One of my main concerns is the calibration of the model. This paper by Van Calster et.al reccomends using penalized regression in order to prevent overfitting. I know rms has an implementation for penalization via the pentrace function, but pentrace does not seem to accept a model fit via fit.mult.impute, returning the following error:

Error in pentrace(f2) : fitter not valid

What are my options here to introduce some moderate penalization into the model while accommodating imputation? Is this possible via rms or is this a scenario where I would “roll my own” estimator?

Your input is appreciated and I’m willing to share relevant details where needed.

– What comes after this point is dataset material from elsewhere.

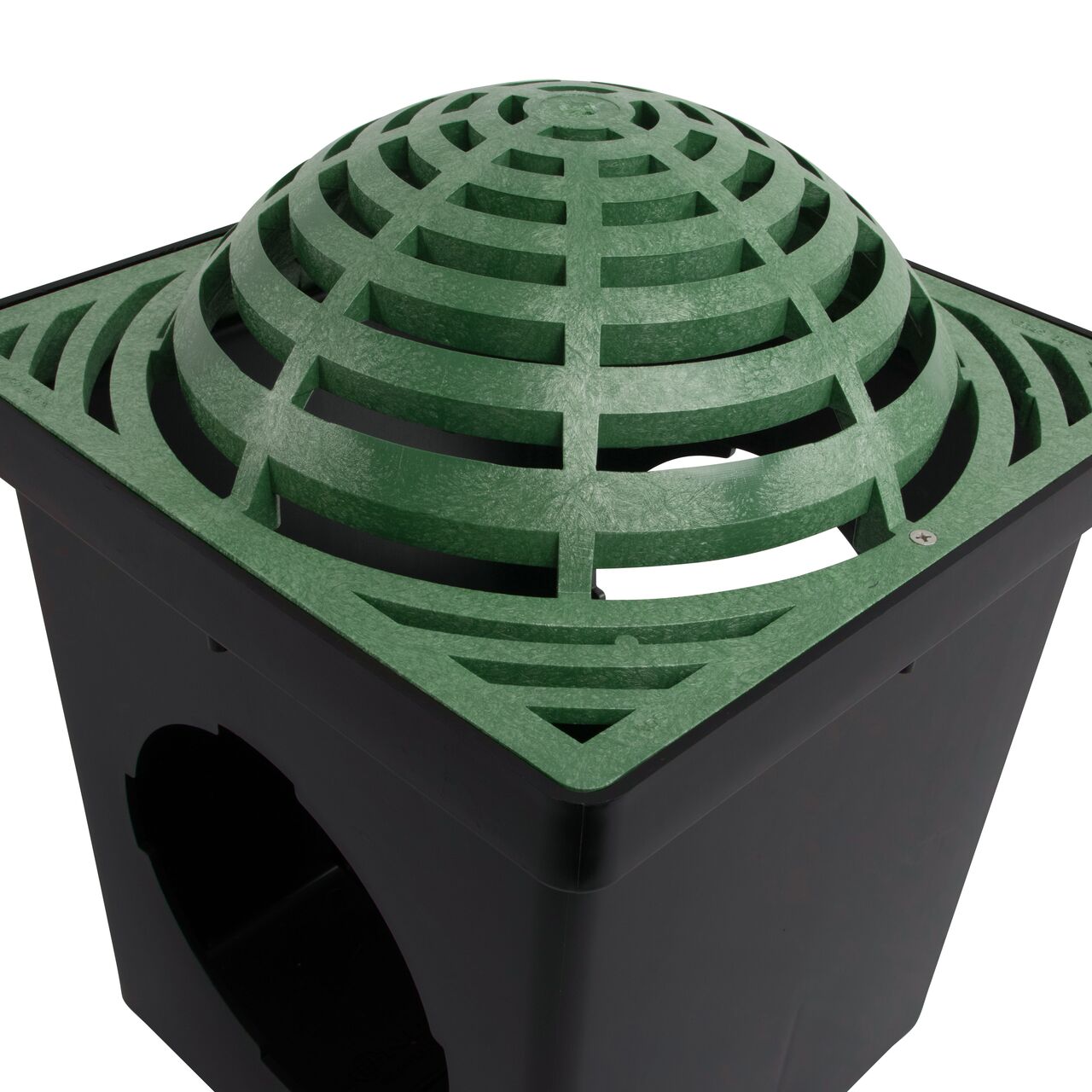 Closeup view of the Green 12 in. Square Atrium Catch Basin Drain Grate (NDS 1280) installed on a black plastic 12 in. Catch Basin Drain with 2 Openings (NDS 1200*); retail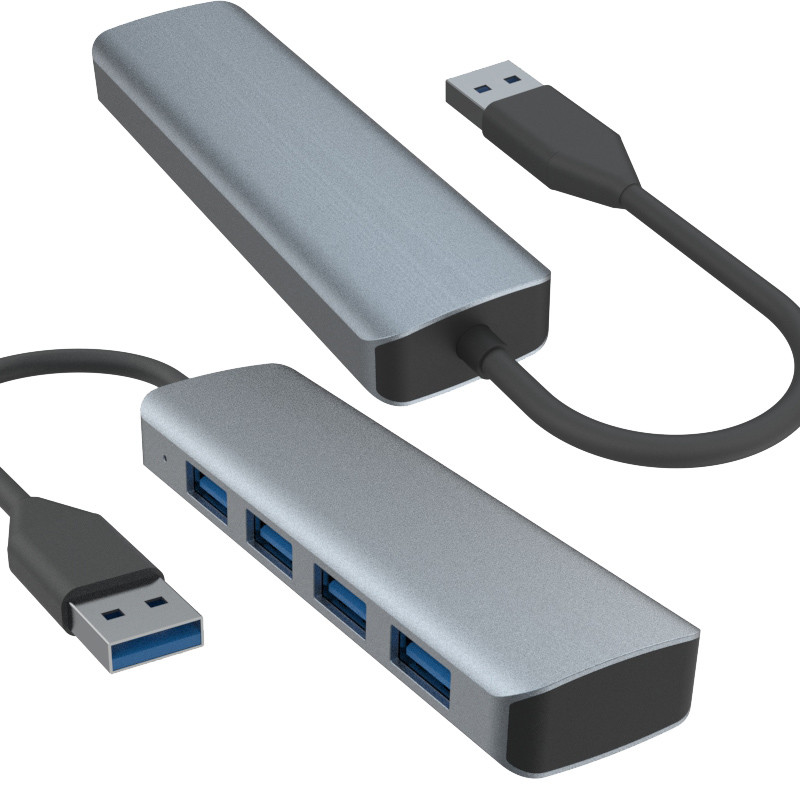 4 cổng USB A Hub với nguồn cung cấp điện Đẹp Đen Xám Đen Đen Đen Đen Adapter cho máy tính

f2harrell · July 18, 2021, 12:19pm

We need to move to full Bayesian modeling to be able to handle more complexities at one time. The problem you are running into is that penalized maximum likelihood estimation needs a likelihood, but multiple imputation with Rubin’s rule for getting the final covariance matrix only leads to Wald statistics, i.e., relies on asymptotic normal distributions. You can try to do penalized estimation for each imputed dataset, hoping to show that the same penalty works for all imputed datasets, then hope Rubin’s rule works for the average of all the \hat{\beta}.

fanstev1 · July 20, 2021, 8:20pm

Hi Prof. Harrell,

As a follow-up question to your comments, if I fit penalized regression on each of the imputed datasets with different penalties without going for a full Bayesian model, can Rubin’s rule be applied when I combine the estimated coefficients because the form of the object functions (i.e. penalized likelihood function) are different.

In addition, I would like to solicit your opinion about fixing the penalty for all imputed data (ie. the same penalty across all imputed data) and apply Rubin’s rule to combine the estimated coefficient. For example, by fitting penalized regression to each imputed dataset, the "optimized’ penalties across different imputed dataset are often similar. In this case, I could fix the penalty parameter in the regression for all imputed datasets and combine the estimated coefficients using Rubin’s rule.

f2harrell · July 21, 2021, 11:55am

I don’t know of any research related to those good questions.

Agnes_Cororaton · July 19, 2023, 8:00pm

@f2harrell Hi Dr Harrell,
Is it acceptable to use pentrace() when I have rare binary outcomes for a logistic regression (n=25 events and 2000 controls) to prevent overfitting?
When using pentrace() for a logistic regression model, can I still report interpret the coefficients as odds ratio even with the penalty using the summary()?
Also how do I know what penalty to use
penalty=list (nonlinear =seq(.25 ,10, by=.25 ))) per page 270 of the RMS book or
pentrace(f, list(simple=c(0,.2,.4), nonlinear=c(0,.2,.4,.8,1))) per the help screen on the function in R

f2harrell · July 20, 2023, 2:23pm

Without the use of Bayesian models we don’t have a thought-out approach to simultaneously handle missing data and penalization. The following approach may work fairly well.

Develop multiple imputations using aregImpute
Run a loop over the multiple imputations
For each imputation fetch the filled-in dataset using the completer function
On that completed dataset run pentrace
Over all imputations see if there is consistency in the optimum amount of penalization, and possibly take the mean penalties in the final fit

The major problem with all this is that with 25 events you don’t have enough information to solve for the optimum penalty so this is not very worth trying.

All you can do here is to use data reduction / unsupervised learning to reduce all predictors down to a single number, and to fit that against outcome. Missing data will be a challenge doing even that.

P.S. In future look at the top of RMS Discussions - modeling strategy - Datamethods Discussion Forum to see which existing topic to post to. This one should have gone under chapter 3 or 5.